Most Glen Ellyn recovery efforts expected to wrap up Friday

Dawn Bussey, director of the Glen Ellyn Public Library, inspects an area of the facility's basement Friday while cleanup efforts are being conducted.
Dawn Bussey, director of the Glen Ellyn Public Library, inspects an area of the facility's basement Friday while cleanup efforts are being conducted.

GLEN ELLYN – After the village of Glen Ellyn received more than 6 inches of rain beginning Wednesday, most flood recovery efforts are expected to wrap up Friday, village officials said.

On Thursday, several streets in the area were closed due to flooding. Lake Ellyn, Lambert Lake and other detention ponds had overflowed as well.

However, all streets were reopened by about 5:30 p.m. Thursday, according to a village newsletter. Flooding near the lakes and other detention areas continues to recede Friday, said Kristen Schrader, assistant to the village manager.

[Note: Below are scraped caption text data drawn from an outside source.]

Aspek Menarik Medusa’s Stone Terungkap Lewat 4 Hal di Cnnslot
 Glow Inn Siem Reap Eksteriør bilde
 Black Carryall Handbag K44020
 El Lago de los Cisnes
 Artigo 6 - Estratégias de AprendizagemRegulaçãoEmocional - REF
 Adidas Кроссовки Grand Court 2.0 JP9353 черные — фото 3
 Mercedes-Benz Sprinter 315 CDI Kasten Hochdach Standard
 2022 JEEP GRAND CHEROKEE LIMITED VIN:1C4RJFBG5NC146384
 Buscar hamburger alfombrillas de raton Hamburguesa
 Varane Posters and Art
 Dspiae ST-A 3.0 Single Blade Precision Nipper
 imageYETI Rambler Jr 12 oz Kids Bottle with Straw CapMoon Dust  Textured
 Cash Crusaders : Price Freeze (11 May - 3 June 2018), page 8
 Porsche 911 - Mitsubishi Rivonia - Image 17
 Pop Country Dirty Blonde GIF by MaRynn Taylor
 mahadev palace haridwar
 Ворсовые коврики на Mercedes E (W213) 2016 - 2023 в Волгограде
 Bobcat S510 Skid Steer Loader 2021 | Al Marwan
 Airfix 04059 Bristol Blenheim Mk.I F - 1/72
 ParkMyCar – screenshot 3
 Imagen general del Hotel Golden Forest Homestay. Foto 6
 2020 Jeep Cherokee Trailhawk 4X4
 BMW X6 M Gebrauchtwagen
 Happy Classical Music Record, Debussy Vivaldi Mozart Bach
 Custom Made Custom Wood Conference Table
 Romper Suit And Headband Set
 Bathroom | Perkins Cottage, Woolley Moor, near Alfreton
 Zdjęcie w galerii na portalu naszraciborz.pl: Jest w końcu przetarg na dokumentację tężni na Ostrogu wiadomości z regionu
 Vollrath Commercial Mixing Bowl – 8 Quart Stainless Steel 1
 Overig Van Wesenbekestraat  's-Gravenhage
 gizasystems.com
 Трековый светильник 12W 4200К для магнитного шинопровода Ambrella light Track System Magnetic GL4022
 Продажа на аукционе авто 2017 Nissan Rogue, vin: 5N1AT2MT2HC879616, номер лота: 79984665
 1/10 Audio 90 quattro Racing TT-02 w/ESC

The Glen Ellyn Public Library closed Thursday due to significant flooding in its basement, Schrader said. Village crews worked to remove water from the building and dry the basement area, as well as the first-floor carpeting, she said.

Library Director Dawn Bussey said the facility's sump pumps burned out trying to expell all the water coming in during the heavy rains. She expected new motors for the sump pumps to be replaced by Friday night.

Flooding in the basement caused malfunctions in various pumps, circuits and blowers, thwarting many of the library's mechanical operations, Bussey said. As a public facility, the library cannot open unless it has heat and working toilets, something it doesn't have now. She hopes everything will be working again to reopen by Monday, April 29.

More than 500 Glen Ellyn residents were without electricity at about 5:30 p.m. Thursday, Schrader said. As of Friday morning, that number had decreased to about 15.

In response to flooding near Lake Ellyn, the village's Public Works Department enacted its Lake Ellyn emergency plan with assistance from the Police Department. The village placed 400 sandbags at the north end of the lake to manage flooding and erosion of the lake bank, according to a village news release.

Other storm waters were managed by the Village Links storm water detention system, according to village officials. Water flowed into the golf course from streets and sewers north of the course.

Sand and bags for residents to create their own sandbags were made available Thursday in the Montclair Avenue parking lot. About 500 bags were picked up after several local high school students volunteered to fill bags for residents, Schrader said.

Residents in the Valley View subdivision at Route 53 and Butterfield Road in unincorporated DuPage County near Glen Ellyn were evacuated from their homes Thursday due to flooding, according to a DuPage County Sheriff's Office news release.

The DuPage County Sheriff’s Office assisted the Lisle-Woodridge Fire District, Geneva Fire Department and Sugar Grove Fire Department as they removed residents from the flooded subdivision by boat and brought them to Arbor View Elementary School, 22W430 Ironwood Drive.

No injuries were reported, according to the release.

The Glen Ellyn Volunteer Fire Company responded to 43 calls for service in 19 hours as a result of the flooding, according to a company news release. Twenty-five members of the fire company spent more than 200 hours helping residents in Glen Ellyn and the surrounding communities.

Calls dealt with flooding issues, smoke investigations, gas leaks, activated fire alarms and numerous other issues, including water rescues.

The fire company also was called upon to help neighboring communities, such as Elmhurst and Lisle, with evacuations, according to the release. The company sent their swift water rescue boat and volunteers to Elmhurst. In Lisle, the company assisted with the evacuations of two nursing homes.
Glen Ellyn residents may place flood-damaged items at their curbside for Allied Waste collection by 7 a.m. Saturday, with no sticker necessary.

The village is working with the DuPage County Office of Emergency Management to determine if it is eligible for FEMA disaster relief, village officials said. Residents should document any losses related to the flood with photos and receipts. The village will share what to do with the documentation when more information is available, Schrader said.